The Government will give “serious consideration” to any invitation to next month's church service commemorating Northern Ireland’s centenary.
The President has declined an invitation to attend the event, noting that it had become politicised and would commemorate the partition of Ireland.
He said it would be inappropriate for him as the head of State to attend an event that commemorates partition.
He also took issue with the fact that his invitation referred to him as the ‘President of the Republic of Ireland’ rather than the President of Ireland.
Speaking this afternoon, the Foreign Affairs Minister Simon Coveney said the President’s team did consult with his office prior to making the decision but noted that the Department did not offer him “any clear advice” on what to do.
“I think it is quite clear from the statements the president has made in relation to it that he made his own decision,” he said.
“The Irish Government hasn’t received an invitation to the event that you refer to but if we do receive an invitation, of course we will give it serious consideration.”
He noted that President Higgins has always been a politician who makes his own decisions.
“He listens to all perspectives and then makes a judgement for himself,” he said.

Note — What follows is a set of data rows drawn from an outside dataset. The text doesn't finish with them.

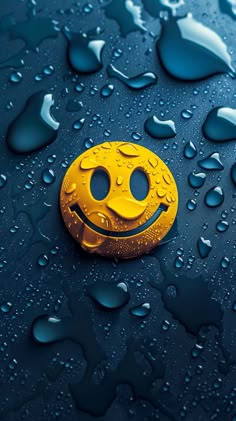 a yellow smiley face with water droplets on it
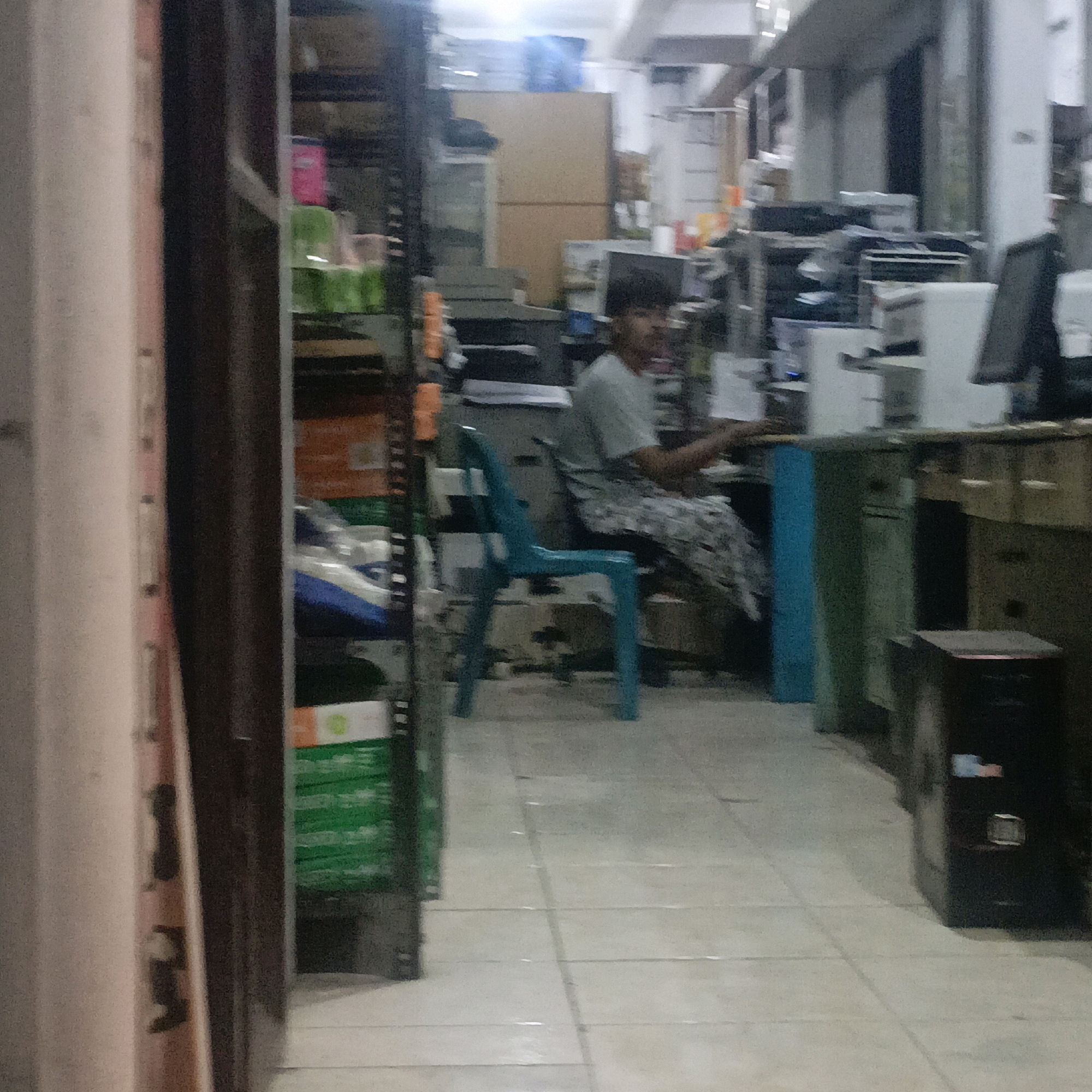 The image shows a man sitting in a blue plastic chair in what appears to be a store or office. He is wearing a grey t-shirt and patterned pants. The man is facing towards the right of the frame, with his hands resting on his lap. In the background, there are shelves stocked with various items, including what looks like boxes and containers. There is also a desk with office equipment, such as computers. The floor is tiled. The scene is located in Salatiga, Indonesia.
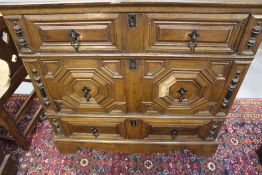 AN OAK AND WALNUT GEOMETRIC PANEL THREE DRAWER CHEST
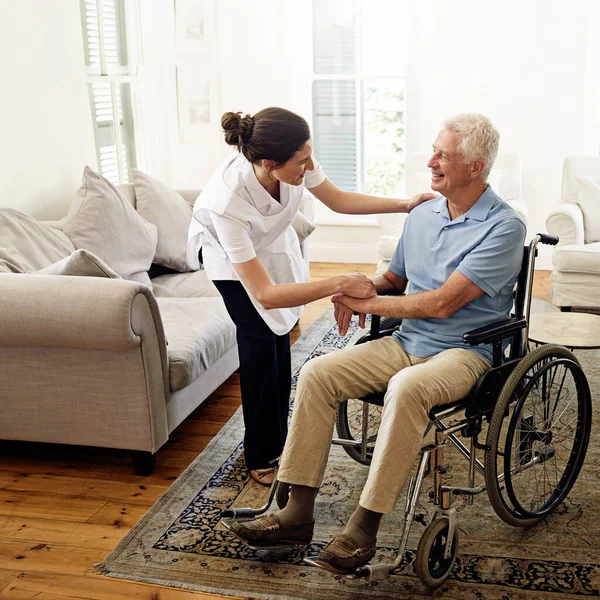 Догляд за літніми людьми це її покликання. Постріл доглядача, який допомагає старшому чоловікові в інвалідному візку вдома . — стокове фото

“He's made his decision on this; he's given an explanation as to the basis of that decision and I think we need to respect that.”
The President’s decision has divided opinion on both sides of the border.
The Democratic Unionist Party has criticised the decision, while church leaders organising the event have insisted it was never meant to political.
Meanwhile, Sinn Féin, the SDLP and the Labour Party have all come out in support of President Higgins’ stance.
Sinn Féin leader Mary Lou McDonald said President Higgins was 'correct' not to attend an event marking the ‘catastrophic’ partition of Ireland.
On The Hard Shoulder meanwhile, DUP MP Gregory Campbell said the decision was a snub to Britain’s Queen Elizabeth.
On the same show Aontú leader Peadar Tóibín noted that there isn’t a president in the world that would attend an event celebrating the partition of his own country.
On Newstalk Breakfast this morning meanwhile, Former Taoiseach John Bruton criticised the President’s decision and urged him to change his mind.
For his part, President Higgins said there was no question of snubbing anyone and noted that it is a “bit much” for the DUP to accuse him of doing so.
He said he wished the organisers of the service well but warned that he will not be changing his decision.